Even just learning "sit", or practicing it many times a day if he knows it already, will tell the dog that SOMEBODY is in charge and 95% of dogs will relax some just from that knowledge. From sit you can move on to shake or bring the ball or something else fairly natural to learn. At feeding times, teach him to sit and wait for you to put the food down. That's what alpha dogs do: they tell the other dogs when (and what) to eat (also, alphas eat first - our trainer has us standing and holding the food bowls and eating a cracker or a couple of M&Ms before the bowls go down). This is not about being big-D Dominant, it's about reassuring the troops that somebody's taking care of business and it's okay.

You may have to let the dog sleep in your room, but I would put the bedding in there if you can and make him sleep on it. As you reassure him you're taking care of everything, you may be able to move him out to the hall and then the other room.

Walks and running games just help burn off excess energy. But also it reinforces that you are taking care of things and they can look to you for leadership instead of being nervous all the time.

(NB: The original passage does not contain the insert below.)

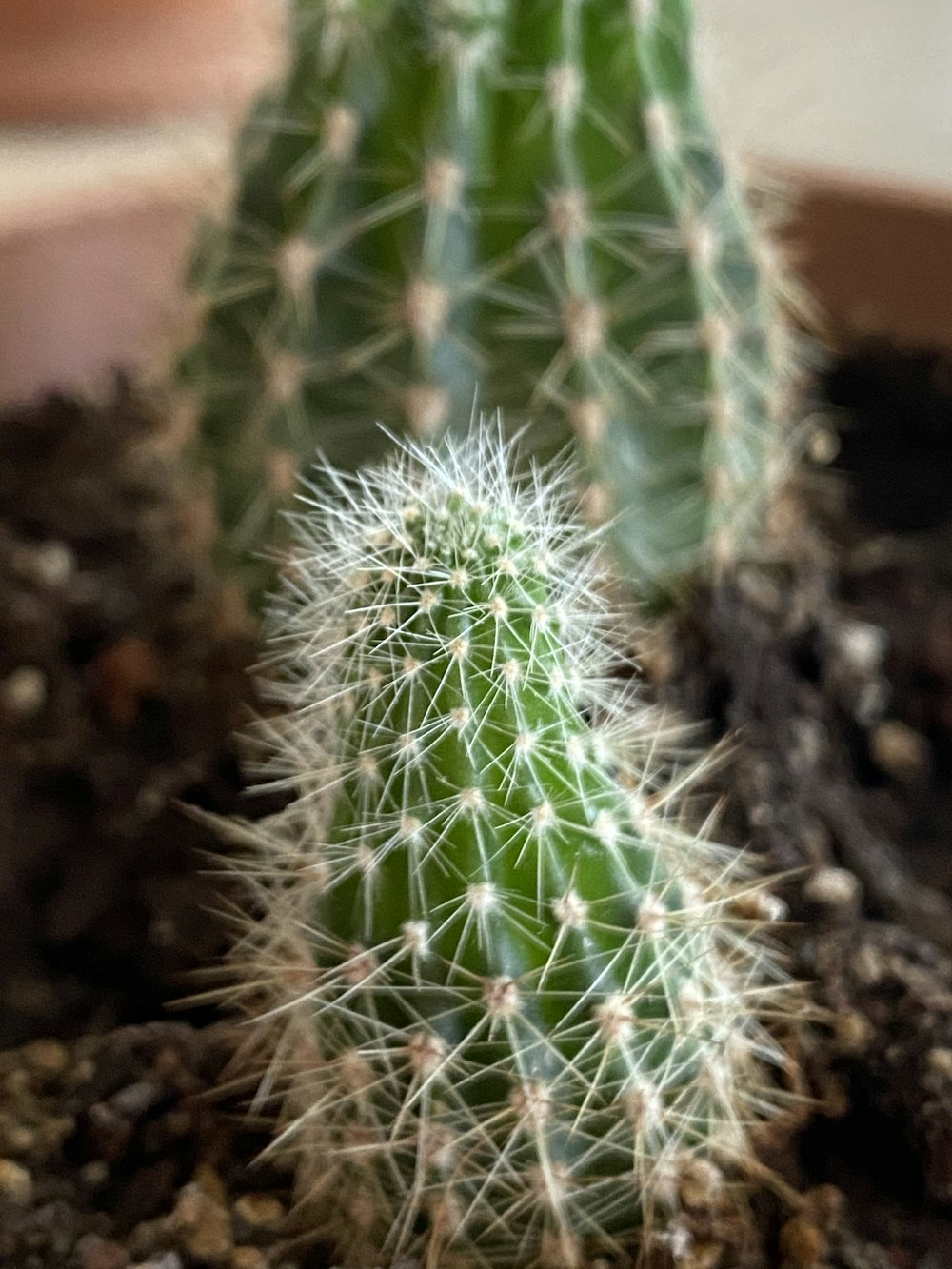 green cactus plant in brown soil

(Also: congratulations on your new dog. In my experience, that's always how this story ends.)
posted by Lyn Never at 9:51 AM on April 27, 2011 [3 favorites]


Super-upvoting Lyn Never's post. NOTHING calms down a dog short-term like affection, but it's not a long-term solution. NOTHING calms down a dog overall like increased exercise, and new challenges. Ergo: walks and training.

Energetic play is good, too, but walks are doubly effective, because they're both exercise and training. The dog has to obey, follow the leader, maintain a safe distance, stay on track despite distractions (assuming you are maintaining a proper HEEL)...
posted by IAmBroom at 9:56 AM on April 27, 2011 [1 favorite]


The Humane Society has a good overview of Separation Anxiety, with tips for how to help the dog stay calm.
posted by hms71 at 7:09 PM on April 27, 2011


Response by poster: Thanks for the help everyone.

We've started taking him for much longer walks (his owner usually just took him out for 10 minutes or so, I think just so he could do his business, the last few days we've taken him for walks close to an hour.) It seems to be helping. He's still desperate to be in our room, but at least he is more willing to just lie quietly when he's told rather than whining whenever he isn't being cuddled. Which is frankly making it much easier on my mental health! And he's started eating properly again, which is a huge relief.

He is still showing a disturbing amount of animosity towards Other Housemate, compared to his usual simple reluctance to be around him. But I don't know if it's related to his owner being gone.

(Also: congratulations on your new dog. In my experience, that's always how this story ends.)

Knowing my housemate, I wouldn't be in the least surprised.